The latter three measures can also be affected by the addition or deletion of particular attributes to the regression model. Additionally, the omission of important attributes from the study is a concern. Finally, the multiple regression model used for the latter three measures must have the correct functional form.
Green and Tull conclude their discussion by stating:
"Unfortunately, all four measures exhibit limitations in the case of correlated predictors and the question of relative importance remains ambiguous." 2
The potential pitfalls from using the latter three measures can make the situation more unclear than it is already. In the face of this murkiness, it is best to use the first measure, simple bivariate correlation.
But, considering each individual attribute in isolation is also unrealistic. Given the collinear structure of consumer satisfaction data, what can be done? Green and Tull offer three alternatives to combat multi-colinearity. First, you can ignore it. This may be acceptable for forecasting applications, but not for the task at hand.
Second, you can delete one (or more) of the highly correlated attributes. This solves the statistical problem while creating others. A managerial problem, for example, might be questions such as, "Why is my attribute not included in the analysis?" My attribute is not the same as the one included!"

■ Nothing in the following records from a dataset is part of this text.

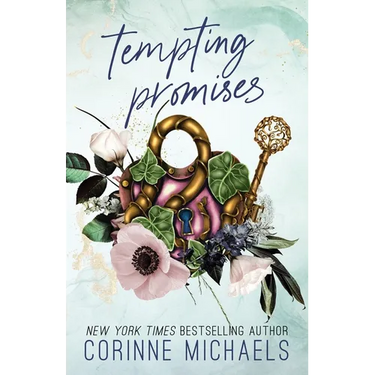 Tempting Promises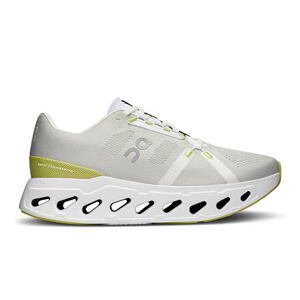 Pánské běžecké boty On Cloudeclipse velikost boty 43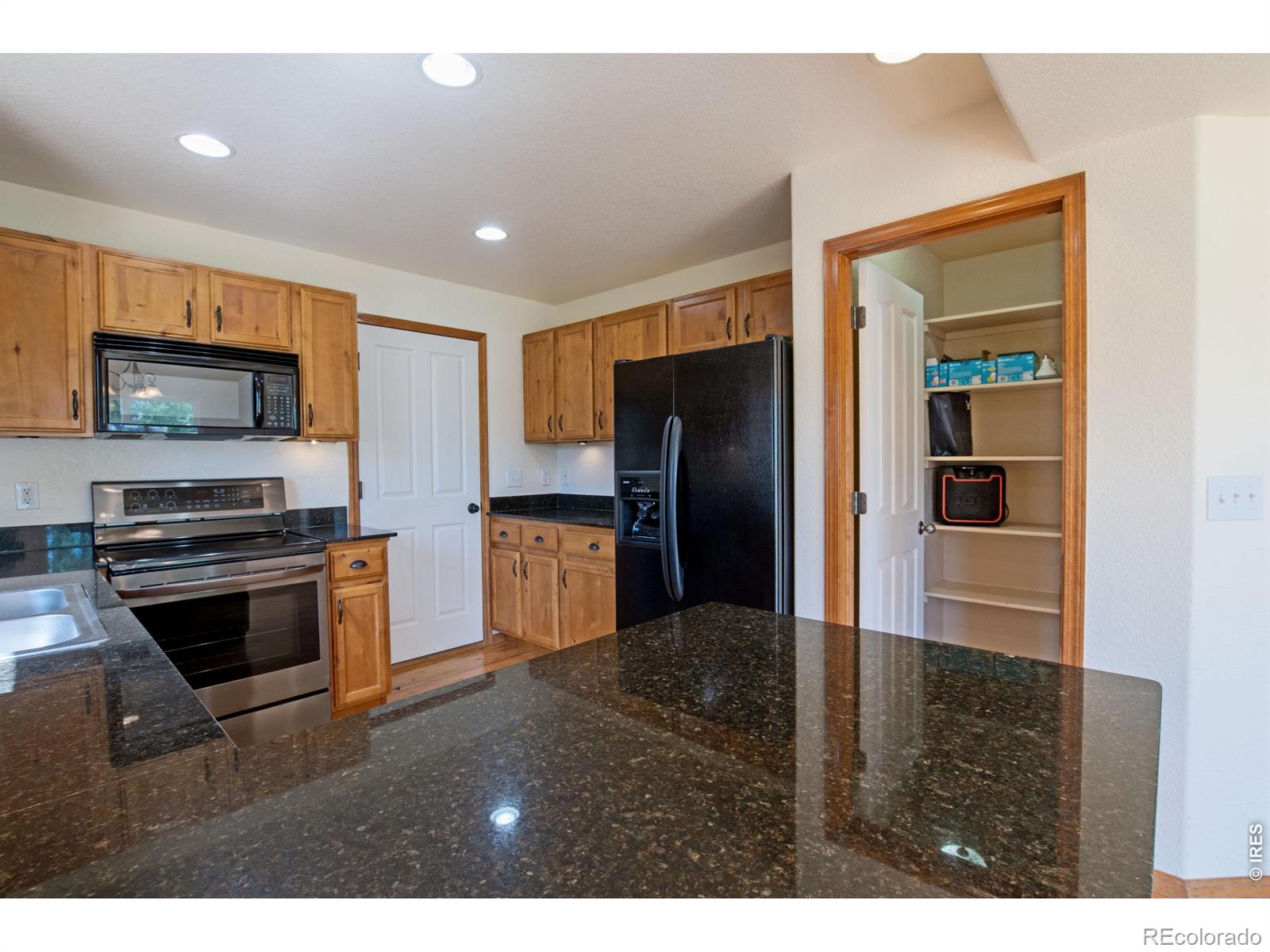 MLS Image #19 for 3268  white buffalo drive,wellington, Colorado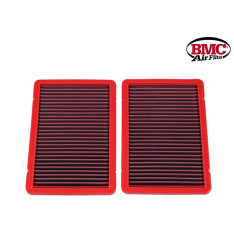 Filtro de Ar BMC FB208/03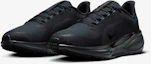 Details for (W) Nike Pegasus 41 GORE-TEX 男女鞋「黑褐石黑」 FQ1357-001
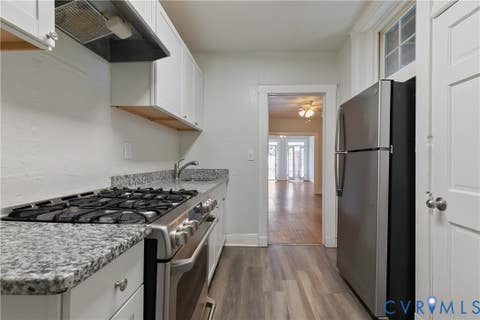 Tiny photo for 2400 Barton Avenue, Richmond, VA 23222 (MLS # 2616720)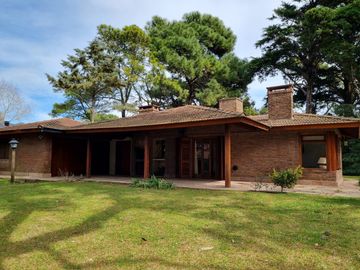 Casa - Pinamar
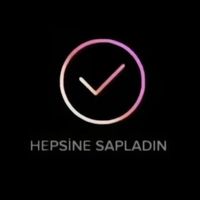 orijinal ses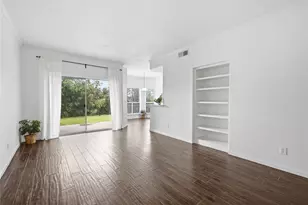 6000 Shepherd Mountain Cove, Austin, TX 78730 - Photo 1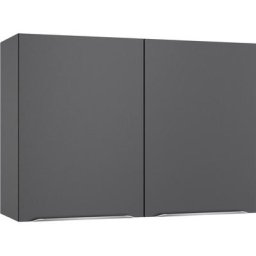OPTIFIT Hängeschrank Aken
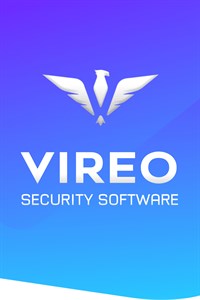 Vireo Software
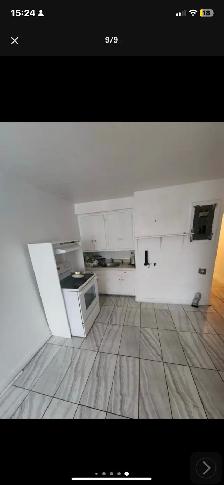 3 1/2 à louer juillet - Photo 8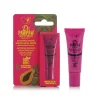Tinted Hot Pink Balm 10 ml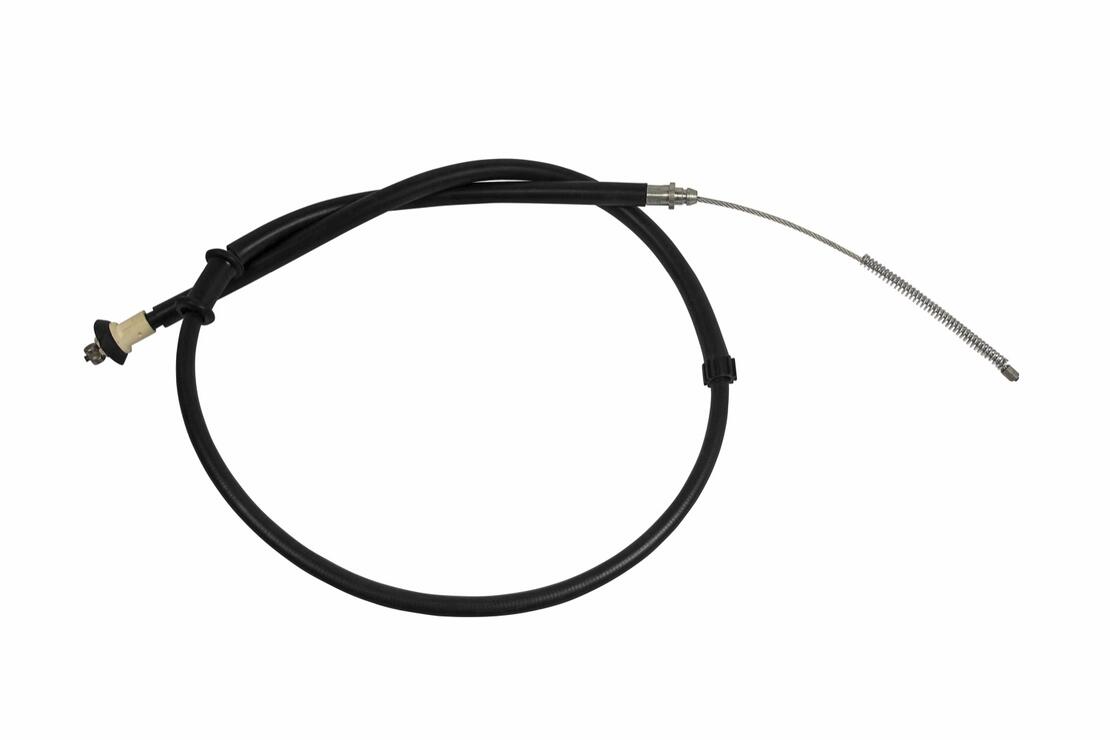 VAICO V2430052 Cable Pull, Parking Brake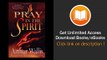 Pray in the Spirit The Work of the Holy Spirit in the Ministry of Prayer - BOOK PDF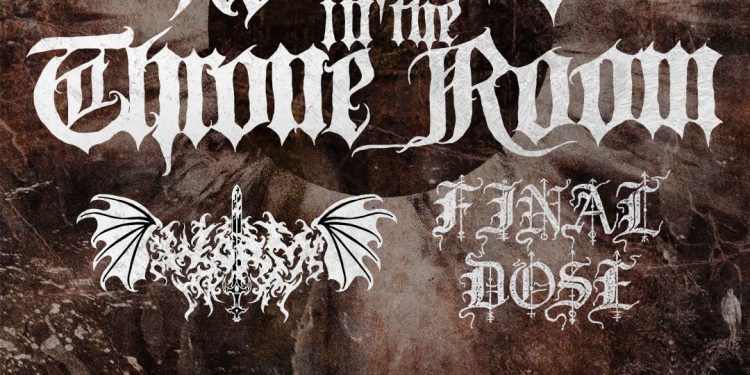 Wolves in the Throne Room: di ritorno a Milano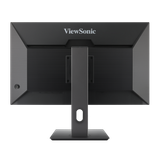  Màn Hình Gaming ViewSonic VX2758A-2K-PRO-4-27 inch 
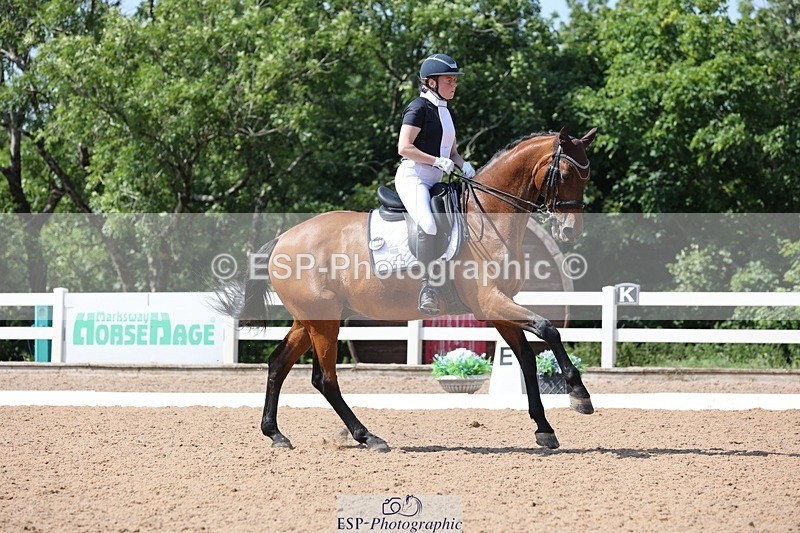 250620-153912-04777 - BD Cls 22 - FEI Grand Prix
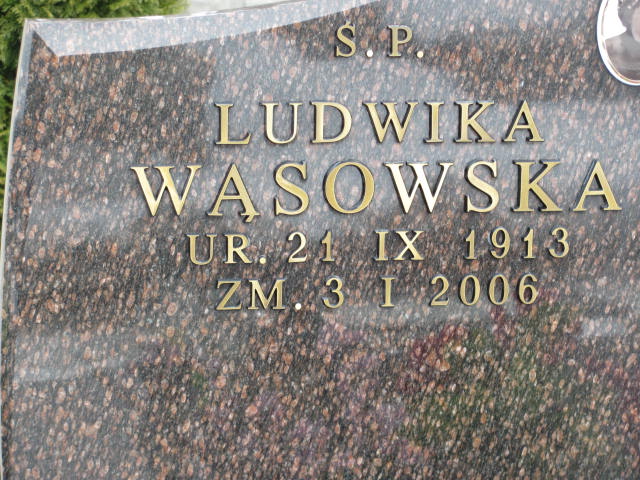 Dawid Drożdż 1987 Mińsk Mazowiecki - Grobonet - Wyszukiwarka osób pochowanych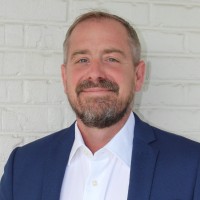 Damon Steffens Email & Phone Number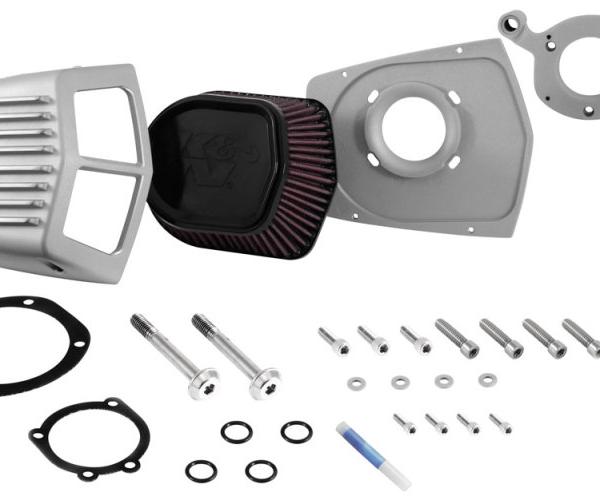 K&N Engineering RK-3950S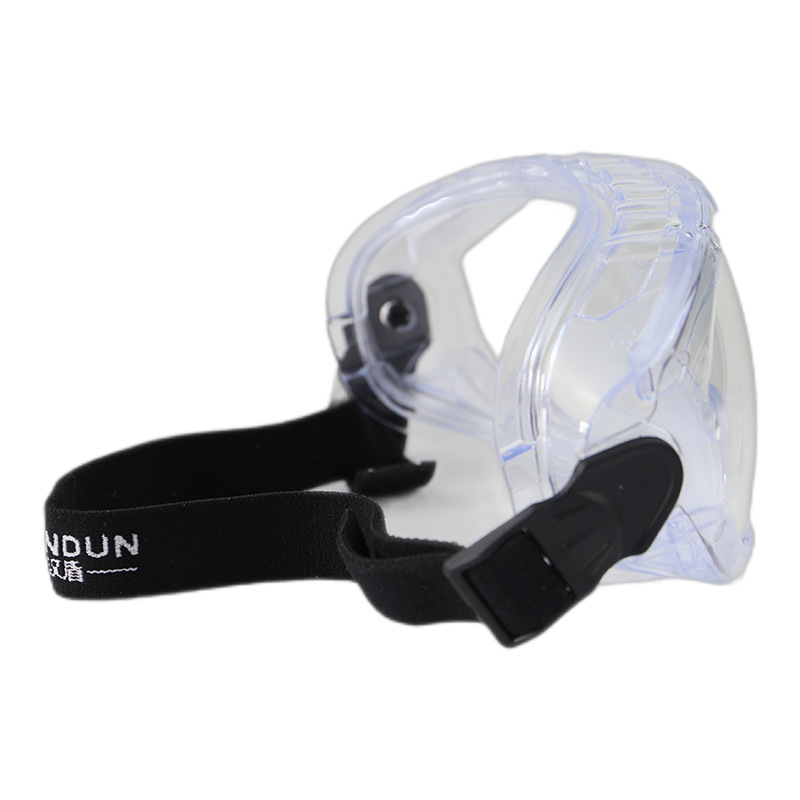 漢盾HD-EY547防霧防刮擦護目鏡圖片2 漢盾HD-EY547防霧防刮擦護目鏡圖片2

Third, you can transform the original attributes into an uncorrelated set of new variables using several techniques (e.g., principal components analysis). The last alternative is the best. The principal components reveal the structure present in the data while allowing analyses such as stepwise multiple regression to be performed without multi-colinearity problems.
Conclusions and suggestions
The study of attribute importance will continue in the future and some of the viewpoints discussed here may change. Given the current state of affairs and the reasons cited, use a derived measure of importance over a stated measure. It is intuitively appealing to this researcher to use both the actions of respondents, as revealed by their rating patterns, as well as their words to determine attribute importance.
Among the class of derived measures, use the simple bivariate correlation between an attribute and overall satisfaction. Theoretical and practical experiences with many real-world customer satisfaction datasets support these recommendations.
Notes
1 Hauser, John R., "Comparison of Importance Measurement Methodologies and Their Relationship to Customer Satisfaction", M.I.T. Marketing Center Working Paper 91 -1, January 1991 (Cambridge, Massachusetts).
2 Green, Paul E. and Tull, Donald S. Re search for Marketing Decisions; 3rd edition; Prentice-Hall, Inc., 1975 (Englewood Cliffs, New Jersey), pp. 478-484.